1. A party to a suit cannot appeal from a decree therein
rendered if he is not thereby affected.
2. Where parties severally assert in the same suit a separate
cause of action, the decrees which are rendered in favor of them
respectively cannot be joined to render the amount involved
sufficient to give this Court jurisdiction.
Ex Parte Baltimore
& Ohio Railroad Company, ante, p.
106 U. S. 5, cited
and approved.
Motion by the appellees to dismiss as to part of them, and to
affirm as to the rest.
The facts are stated in the opinion of the Court.
MR. CHIEF JUSTICE WAITE delivered the opinion of the Court.
These motions present the following facts:
On the 24th of July, 1877, a decree was entered in a suit
pending in the court below for the foreclosure of certain mortgages
on the property of the Indianapolis, Bloomington and Western
Railway Company, directing a sale of the mortgaged property and an
application of the proceeds to the payment, among others, of
"all such . . . claims and sums of money as shall be hereinafter
allowed by this court . . . in preference to the liens of the
hereinbefore-mentioned mortgages or deeds of trust for debts due by
said railway company for work, labor, supplies, and material done
and furnished during the six months next preceding the first day of
December, 1874, . . . which payment for debts due as last aforesaid
for six months prior to December 1, 1874, shall be made into court
without prejudice to the right of the Farmers' Loan and Trust
Company to object to the same, and to appeal from any order or
orders which may be hereafter made by the court directing the money
so paid to be distributed to the various claimants thereof."
At the time this decree was made, it was not known how much the
debts for labor and supplies would amount to.
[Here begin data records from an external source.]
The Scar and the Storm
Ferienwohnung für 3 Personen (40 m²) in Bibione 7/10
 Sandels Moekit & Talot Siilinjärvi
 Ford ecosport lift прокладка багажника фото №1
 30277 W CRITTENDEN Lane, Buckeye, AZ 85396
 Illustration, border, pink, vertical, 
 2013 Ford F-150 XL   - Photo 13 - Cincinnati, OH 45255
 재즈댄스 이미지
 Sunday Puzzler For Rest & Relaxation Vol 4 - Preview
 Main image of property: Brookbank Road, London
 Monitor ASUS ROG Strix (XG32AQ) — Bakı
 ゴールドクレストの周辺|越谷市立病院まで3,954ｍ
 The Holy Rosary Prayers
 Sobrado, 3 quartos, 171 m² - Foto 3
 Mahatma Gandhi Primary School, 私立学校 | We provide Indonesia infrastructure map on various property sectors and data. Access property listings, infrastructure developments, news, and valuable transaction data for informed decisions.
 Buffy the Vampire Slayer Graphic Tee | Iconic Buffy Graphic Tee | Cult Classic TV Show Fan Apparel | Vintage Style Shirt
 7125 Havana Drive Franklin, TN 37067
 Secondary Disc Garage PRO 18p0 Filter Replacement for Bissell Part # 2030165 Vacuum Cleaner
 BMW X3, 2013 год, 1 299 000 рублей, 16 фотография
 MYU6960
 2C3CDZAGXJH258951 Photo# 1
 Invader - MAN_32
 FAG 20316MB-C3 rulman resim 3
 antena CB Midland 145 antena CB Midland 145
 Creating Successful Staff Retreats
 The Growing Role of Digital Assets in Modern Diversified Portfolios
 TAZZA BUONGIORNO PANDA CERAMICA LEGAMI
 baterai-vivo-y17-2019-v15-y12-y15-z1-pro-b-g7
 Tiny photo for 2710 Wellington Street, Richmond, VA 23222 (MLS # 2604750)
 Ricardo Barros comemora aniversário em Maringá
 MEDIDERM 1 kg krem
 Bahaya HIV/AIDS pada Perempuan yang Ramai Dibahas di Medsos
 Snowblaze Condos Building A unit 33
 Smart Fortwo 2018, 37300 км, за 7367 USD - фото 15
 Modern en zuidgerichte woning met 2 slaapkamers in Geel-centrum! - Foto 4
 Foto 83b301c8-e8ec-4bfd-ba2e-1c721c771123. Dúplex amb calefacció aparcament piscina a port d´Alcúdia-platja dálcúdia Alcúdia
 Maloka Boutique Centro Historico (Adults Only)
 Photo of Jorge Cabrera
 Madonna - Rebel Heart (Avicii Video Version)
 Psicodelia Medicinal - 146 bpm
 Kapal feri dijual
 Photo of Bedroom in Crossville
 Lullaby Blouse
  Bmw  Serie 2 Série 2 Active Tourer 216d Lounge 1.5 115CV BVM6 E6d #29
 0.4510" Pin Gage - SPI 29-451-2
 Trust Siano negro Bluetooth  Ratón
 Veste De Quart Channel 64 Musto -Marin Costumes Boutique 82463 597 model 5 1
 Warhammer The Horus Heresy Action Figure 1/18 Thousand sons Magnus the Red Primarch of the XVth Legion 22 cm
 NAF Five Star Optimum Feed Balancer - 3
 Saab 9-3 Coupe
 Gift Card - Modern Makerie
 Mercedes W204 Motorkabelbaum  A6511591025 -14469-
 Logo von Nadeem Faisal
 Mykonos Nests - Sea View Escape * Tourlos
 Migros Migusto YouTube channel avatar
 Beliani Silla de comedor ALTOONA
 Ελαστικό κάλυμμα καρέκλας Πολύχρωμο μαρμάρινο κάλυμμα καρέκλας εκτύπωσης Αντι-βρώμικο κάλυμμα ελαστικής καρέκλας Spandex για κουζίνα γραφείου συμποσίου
That matter had
been
Page 106 U. S. 266
referred, on the 4th of June before, to certain special masters
to take testimony and report, but their report had not been filed.
To meet this condition of the case, the decree further provided
that on the delivery of the deed, the purchaser should pay into
court enough of the purchase money to satisfy any amount that might
in the further progress of the case be found to be owing. It was
also specially provided that the reference to the master, which had
been made and which was approved and continued, should
"in nowise abridge or impair the right of any of the parties
hereto to prosecute an appeal from any order or orders of the court
allowing or disallowing said claims, or any part thereof, and
declaring the same to be prior and superior to said mortgage."
The Farmers' Loan and Trust Company was the trustee of the
mortgages having the paramount mortgage liens on the property.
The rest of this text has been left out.